Cela crée « un dangereux précédent » qui « encourage le terrorisme », a au contraire réagi l’ancien ministre israélien de la Défense Yoav Gallant, visé par un mandat d’arrêt.
« Secret classifié »
Les mandats d’arrêt ont été classés « secret » pour protéger les témoins et garantir le bon déroulement des enquêtes.
Mais la CPI « considère qu’il est dans l’intérêt des victimes et de leurs familles qu’elles soient informées de l’existence des mandats d’arrêt ».
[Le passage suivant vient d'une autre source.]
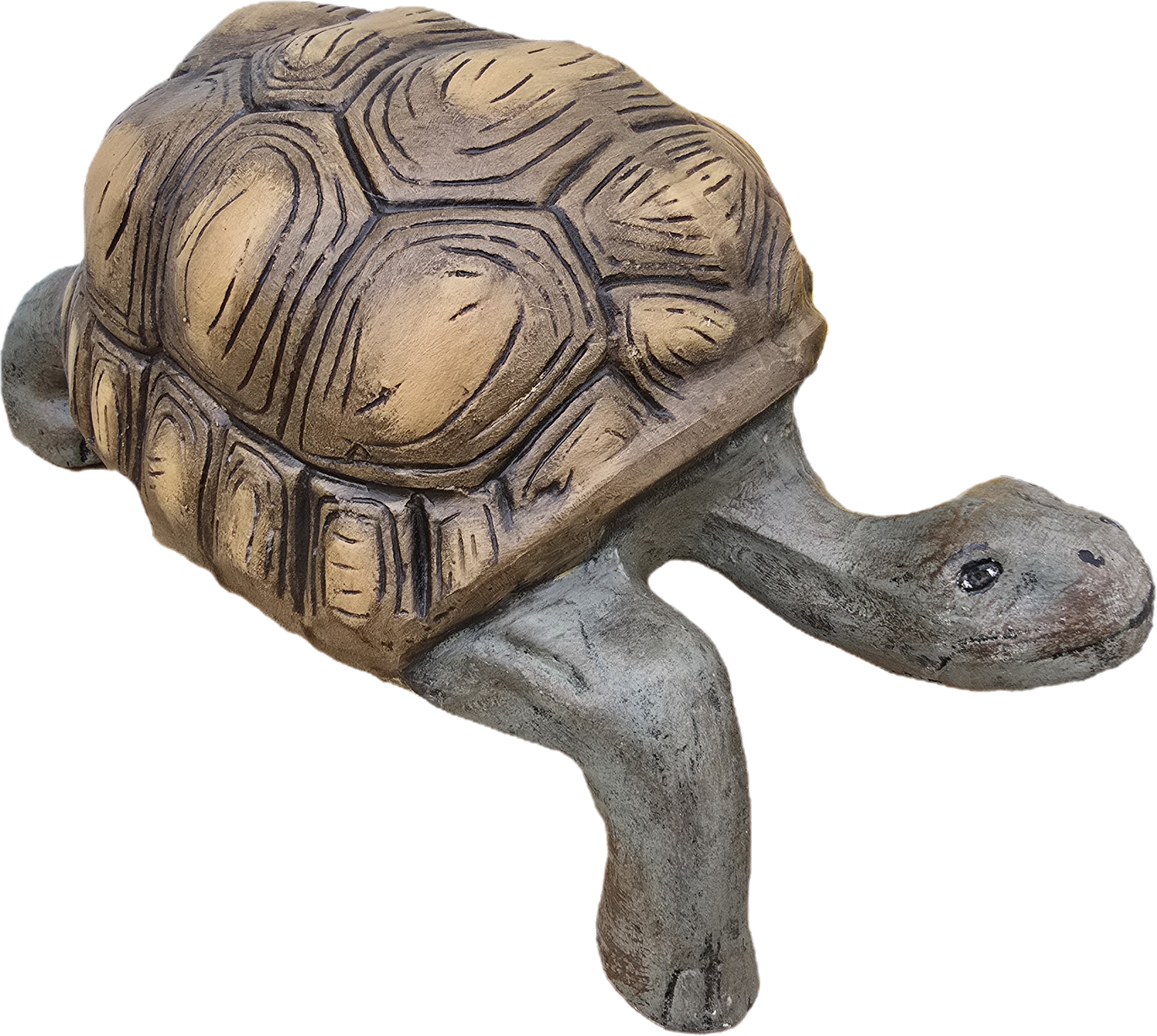 Turtle 21"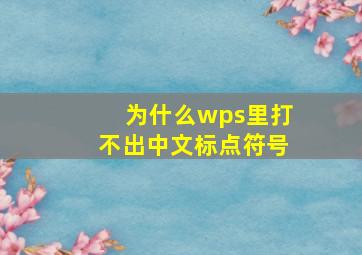 为什么wps里打不出中文标点符号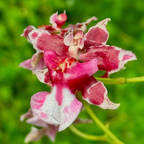 Oncidium Jairak Fragrance - Orchid - Soiled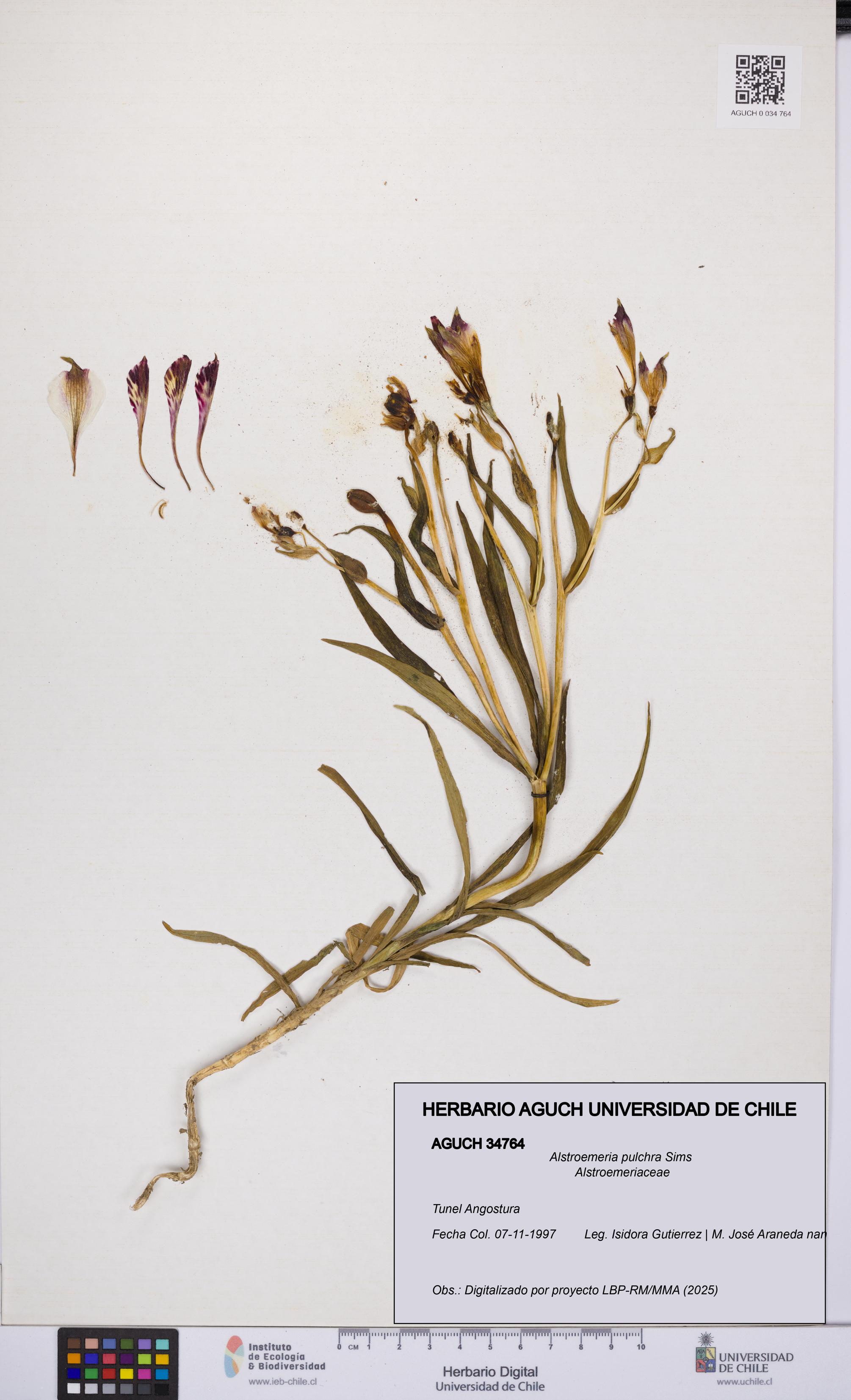 Alstroemeria pulchra [Espécimen: UCH:AGUCH:0034764]
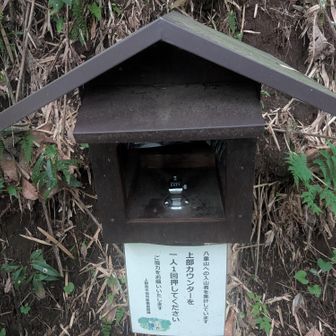 カウンターをポチッとな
Le procureur de la CPI, Karim Khan, a demandé en mai au tribunal d’émettre des mandats d’arrêt contre MM. Netanyahu et Gallant (qui a été limogé début novembre par le Premier ministre israélien) pour des crimes de guerre et des crimes contre l’humanité présumés à Gaza.
M. Khan avait également demandé des mandats d’arrêt contre de hauts dirigeants du Hamas, dont Mohammed Deif, soupçonnés de crimes de guerre et de crimes contre l’humanité.
L’offensive militaire israélienne contre le Hamas dans la bande de Gaza a fait au moins 44 056 morts Palestiniens, selon les chiffres du ministère de la Santé du gouvernement Hamas, qui ne font pas de distinction entre civils et combattants.
Elle fait suite à l’attaque sans précédent des commandos du Hamas en territoire israélien le 7 octobre, qui a entraîné la mort de 1.205 personnes, en majorité des civils, selon un décompte de l’AFP basé sur des chiffres officiels israéliens.